**Work required**. If pictures are present, leave them out, and copy the data word for word.

(Stored data)
++++++++++++++++++++

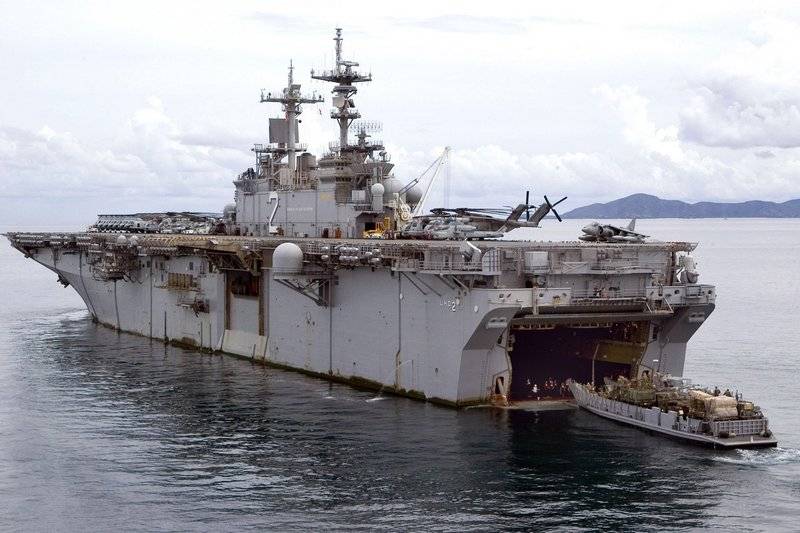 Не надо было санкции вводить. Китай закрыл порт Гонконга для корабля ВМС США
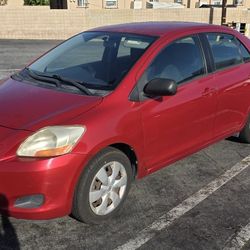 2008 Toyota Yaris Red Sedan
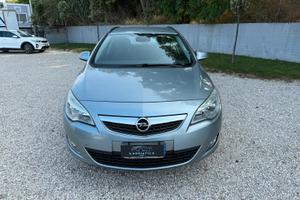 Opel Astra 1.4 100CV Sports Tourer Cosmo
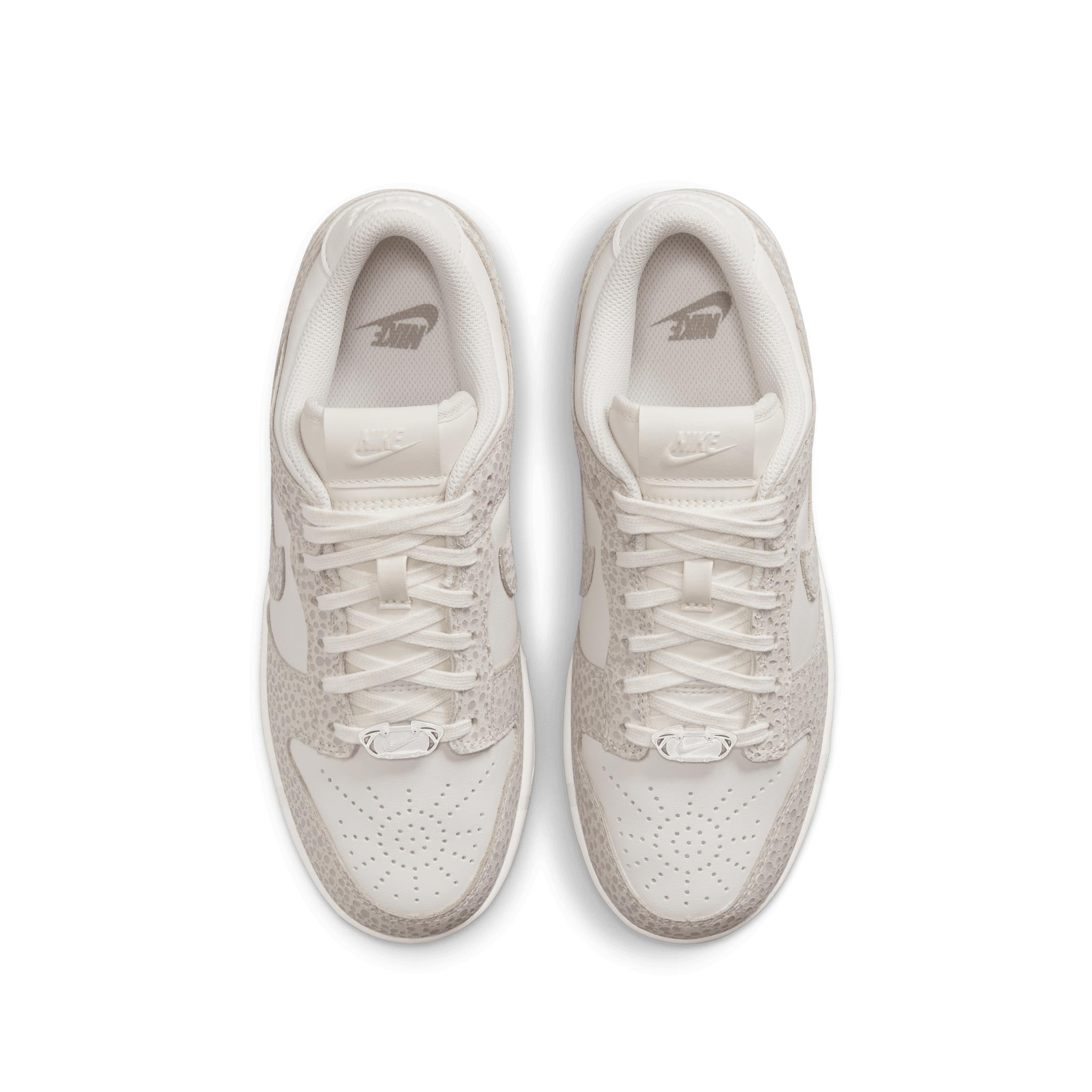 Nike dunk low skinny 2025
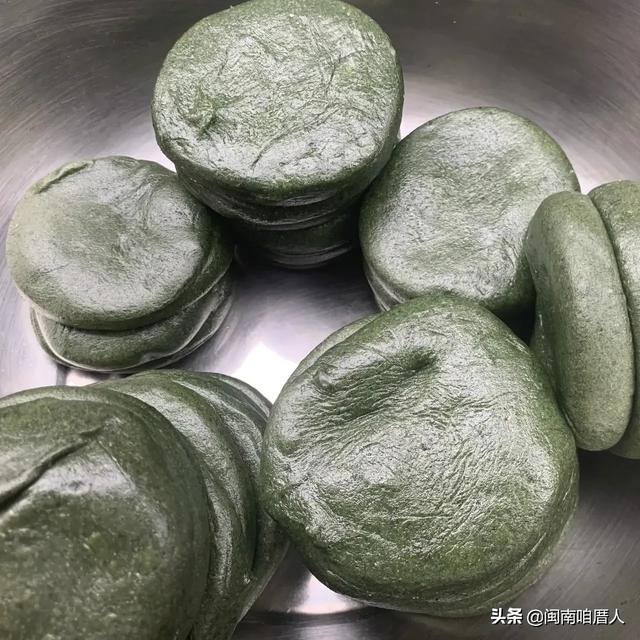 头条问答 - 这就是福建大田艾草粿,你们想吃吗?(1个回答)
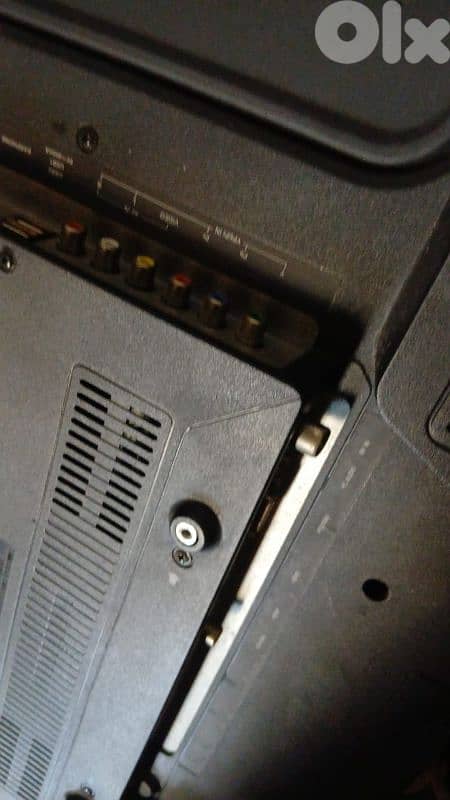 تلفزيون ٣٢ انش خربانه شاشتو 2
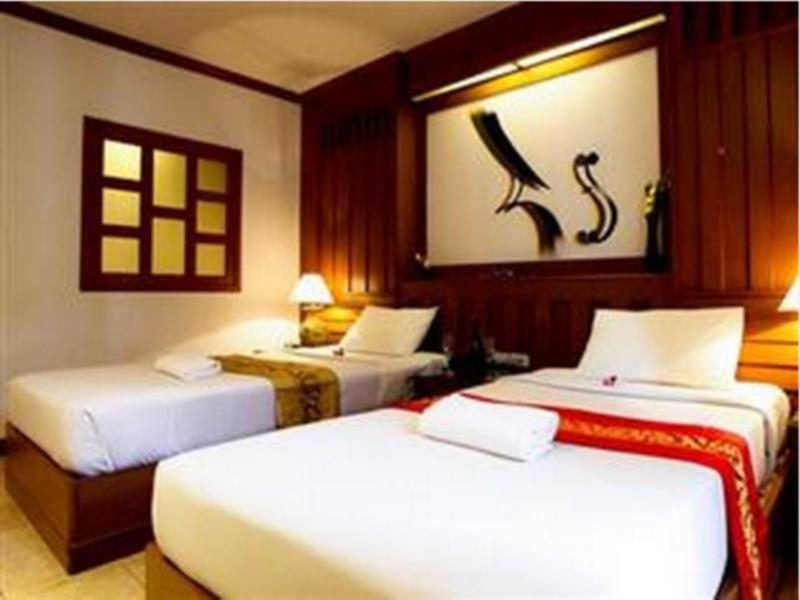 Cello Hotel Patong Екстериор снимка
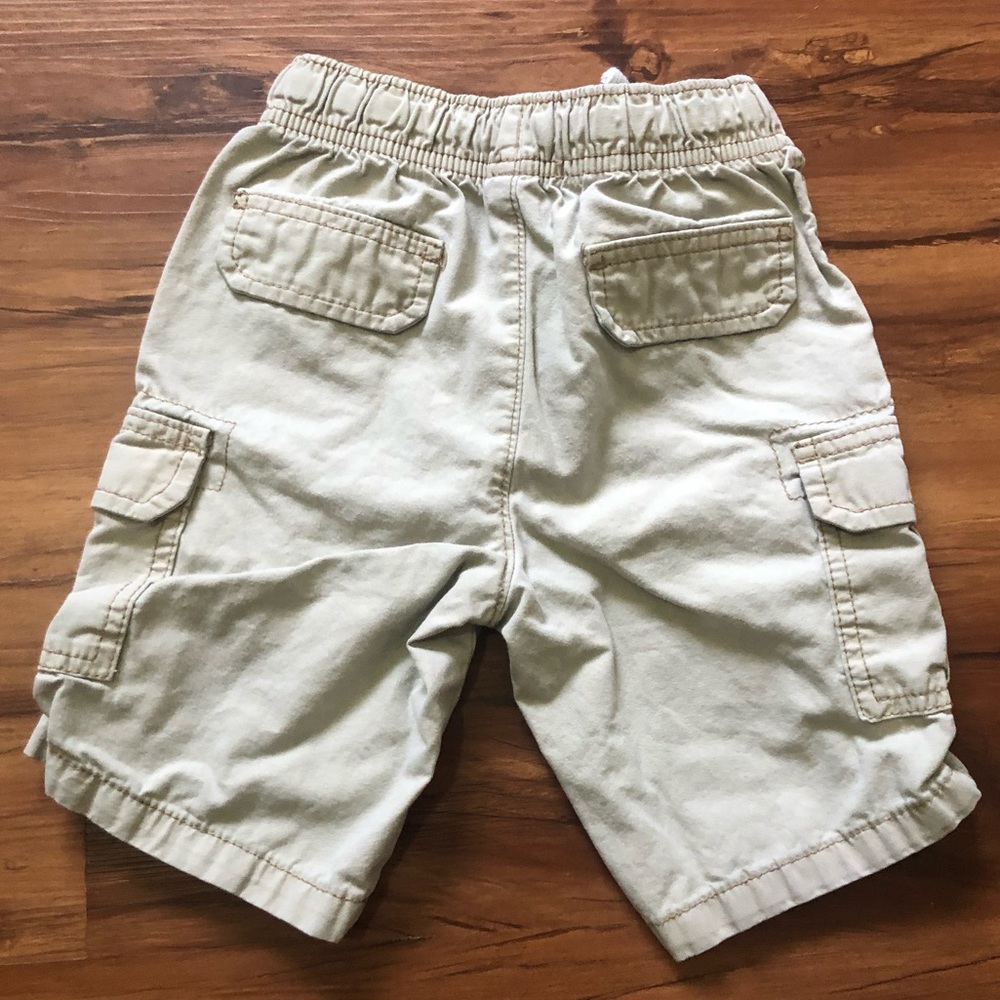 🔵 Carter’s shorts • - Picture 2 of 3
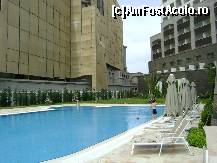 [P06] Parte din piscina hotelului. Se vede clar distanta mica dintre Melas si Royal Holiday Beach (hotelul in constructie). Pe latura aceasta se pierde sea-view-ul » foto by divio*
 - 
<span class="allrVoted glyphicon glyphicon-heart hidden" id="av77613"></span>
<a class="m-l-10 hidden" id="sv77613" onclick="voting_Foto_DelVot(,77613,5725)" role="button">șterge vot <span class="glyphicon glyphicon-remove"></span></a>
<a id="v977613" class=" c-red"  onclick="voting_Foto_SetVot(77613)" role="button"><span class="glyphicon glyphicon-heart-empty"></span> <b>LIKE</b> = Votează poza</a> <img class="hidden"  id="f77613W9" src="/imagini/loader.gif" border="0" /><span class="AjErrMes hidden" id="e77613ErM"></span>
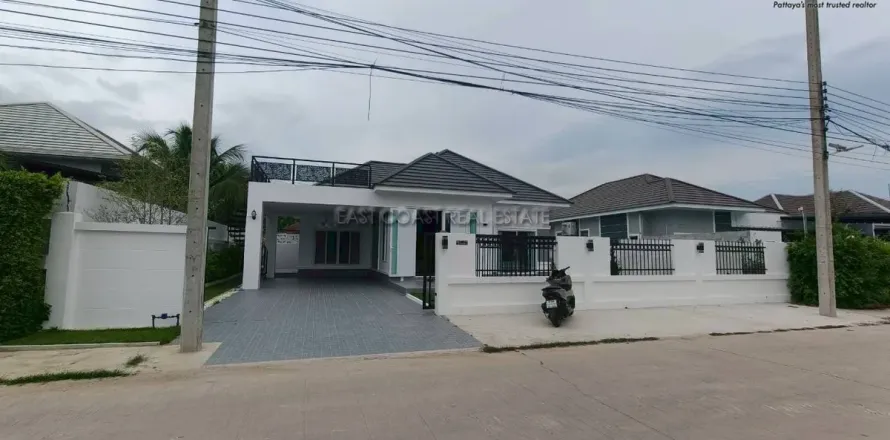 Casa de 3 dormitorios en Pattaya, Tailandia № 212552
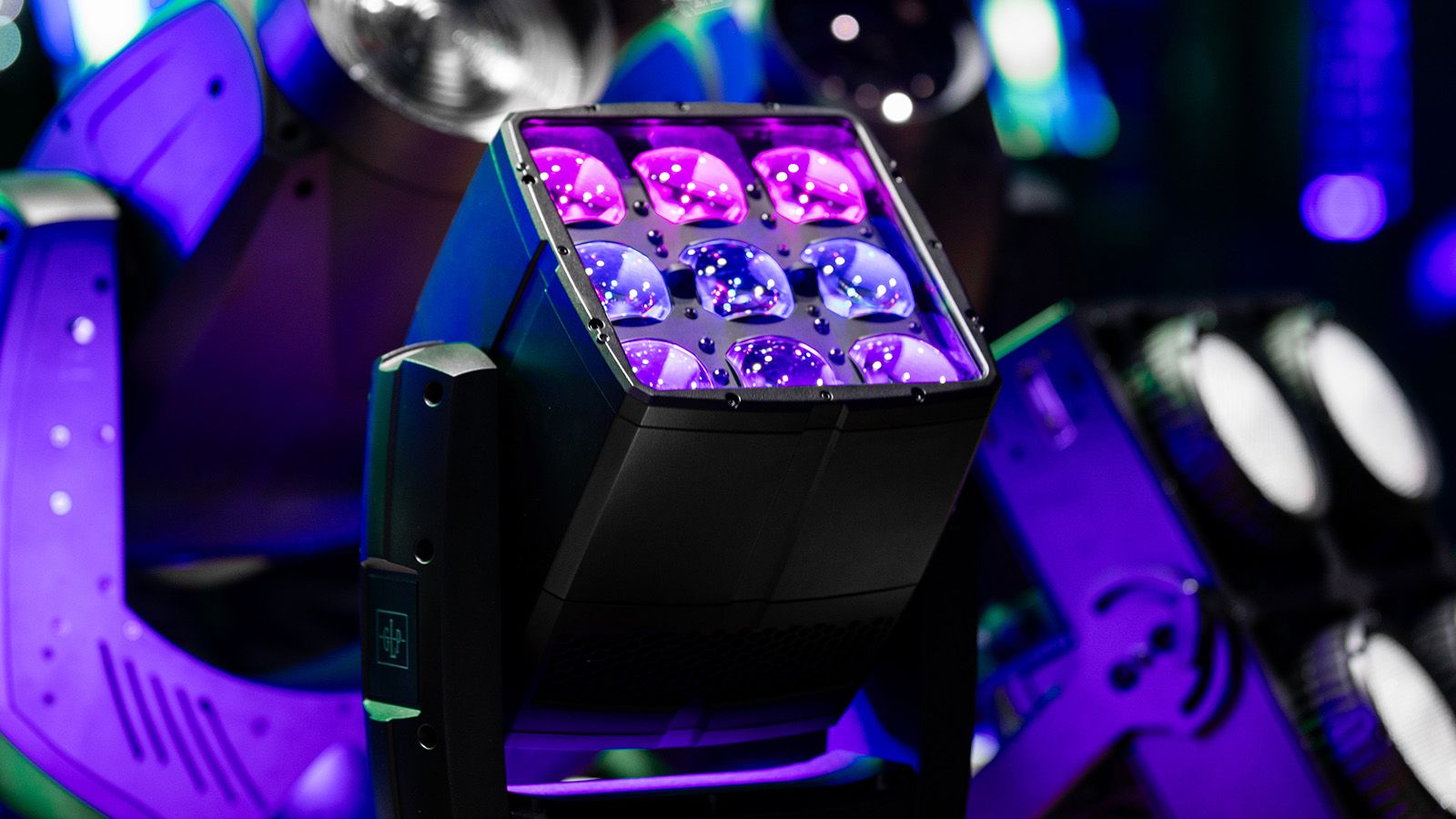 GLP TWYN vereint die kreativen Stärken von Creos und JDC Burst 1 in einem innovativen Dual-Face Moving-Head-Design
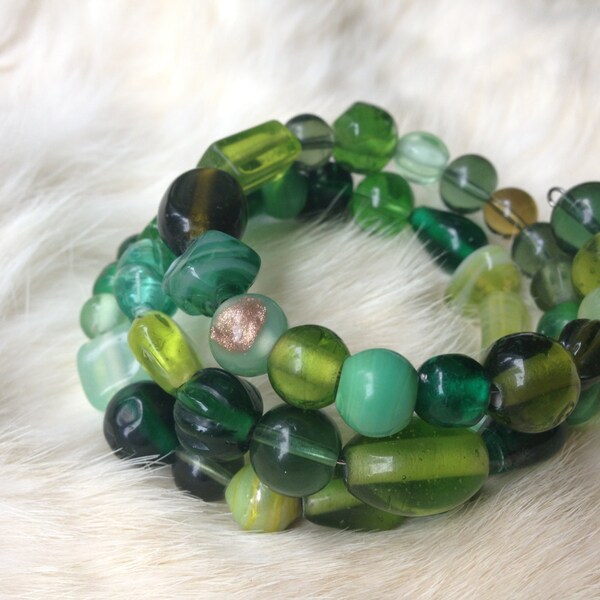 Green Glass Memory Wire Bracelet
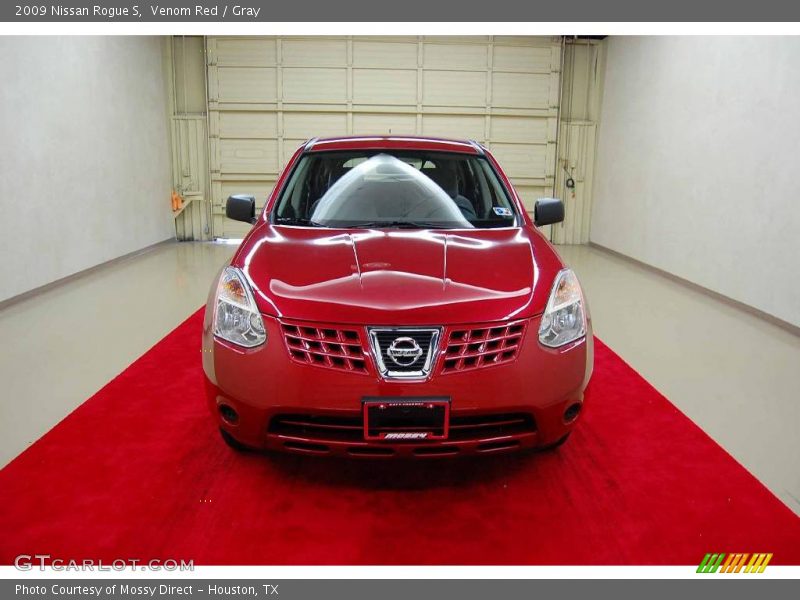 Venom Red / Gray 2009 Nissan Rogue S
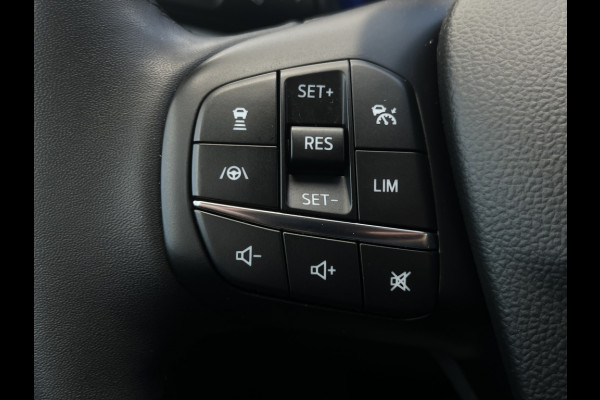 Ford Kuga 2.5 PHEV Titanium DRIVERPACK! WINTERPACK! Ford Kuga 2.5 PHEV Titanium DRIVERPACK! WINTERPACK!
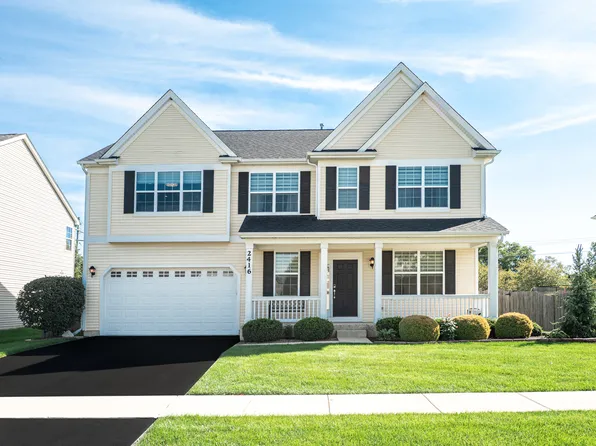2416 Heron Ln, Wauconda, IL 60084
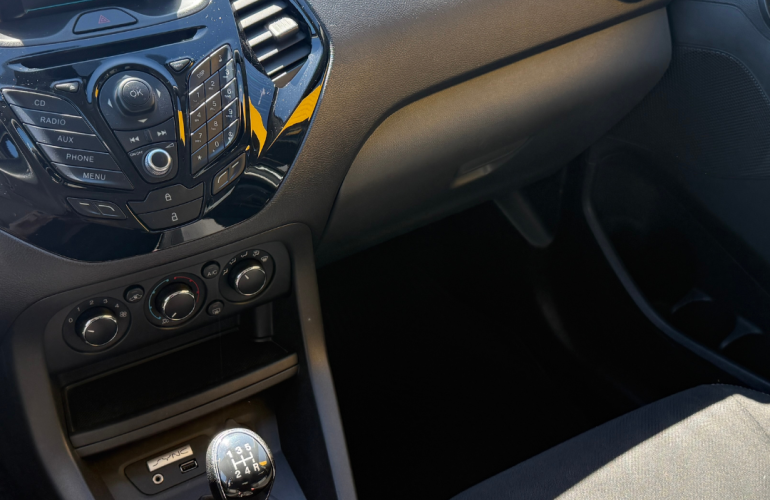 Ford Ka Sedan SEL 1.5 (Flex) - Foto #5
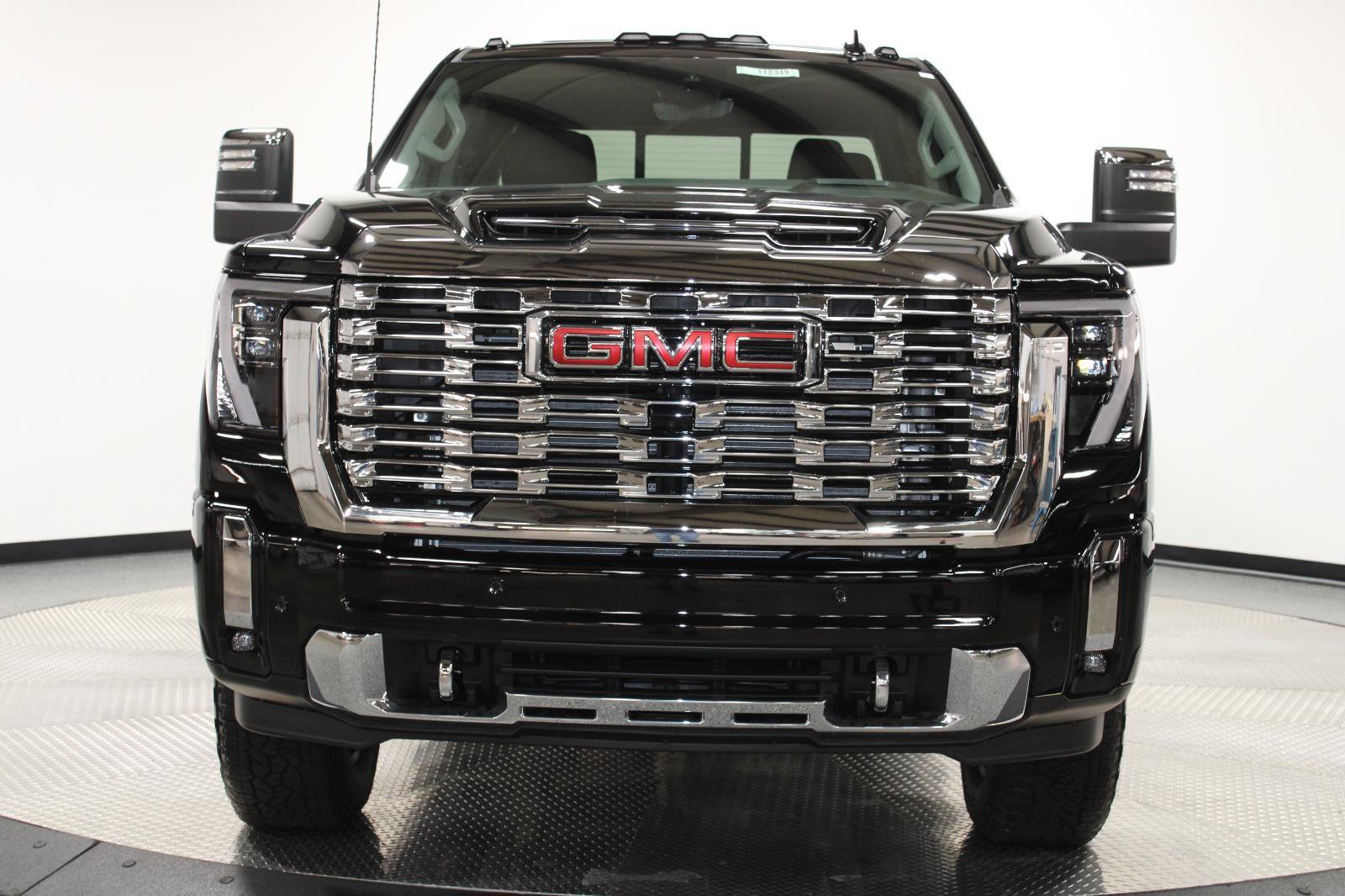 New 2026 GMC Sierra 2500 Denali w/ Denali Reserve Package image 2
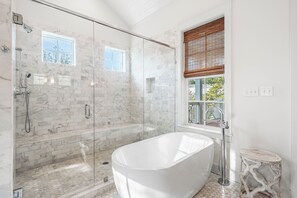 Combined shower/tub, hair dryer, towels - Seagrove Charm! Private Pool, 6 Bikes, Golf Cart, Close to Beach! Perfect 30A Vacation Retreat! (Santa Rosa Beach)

++++++++++++++++++++

**Output of the task**.
 Не надо было санкции вводить. Китай закрыл порт Гонконга для корабля ВМС США
 2008 Toyota Yaris Red Sedan
 Opel Astra 1.4 100CV Sports Tourer Cosmo
 Nike dunk low skinny 2025
 头条问答 - 这就是福建大田艾草粿,你们想吃吗?(1个回答)
 تلفزيون ٣٢ انش خربانه شاشتو 2
 Cello Hotel Patong Екстериор снимка
 🔵 Carter’s shorts • - Picture 2 of 3
 [P06] Parte din piscina hotelului. Se vede clar distanta mica dintre Melas si Royal Holiday Beach (hotelul in constructie). Pe latura aceasta se pierde sea-view-ul » foto by divio*
 - 
<span class="allrVoted glyphicon glyphicon-heart hidden" id="av77613"></span>
<a class="m-l-10 hidden" id="sv77613" onclick="voting_Foto_DelVot(,77613,5725)" role="button">șterge vot <span class="glyphicon glyphicon-remove"></span></a>
<a id="v977613" class=" c-red"  onclick="voting_Foto_SetVot(77613)" role="button"><span class="glyphicon glyphicon-heart-empty"></span> <b>LIKE</b> = Votează poza</a> <img class="hidden"  id="f77613W9" src="/imagini/loader.gif" border="0" /><span class="AjErrMes hidden" id="e77613ErM"></span>
 Casa de 3 dormitorios en Pattaya, Tailandia № 212552
 GLP TWYN vereint die kreativen Stärken von Creos und JDC Burst 1 in einem innovativen Dual-Face Moving-Head-Design
 Green Glass Memory Wire Bracelet
 Venom Red / Gray 2009 Nissan Rogue S
 Ford Kuga 2.5 PHEV Titanium DRIVERPACK! WINTERPACK! Ford Kuga 2.5 PHEV Titanium DRIVERPACK! WINTERPACK!
2416 Heron Ln, Wauconda, IL 60084
 Ford Ka Sedan SEL 1.5 (Flex) - Foto #5
 New 2026 GMC Sierra 2500 Denali w/ Denali Reserve Package image 2
 Combined shower/tub, hair dryer, towels - Seagrove Charm! Private Pool, 6 Bikes, Golf Cart, Close to Beach! Perfect 30A Vacation Retreat! (Santa Rosa Beach)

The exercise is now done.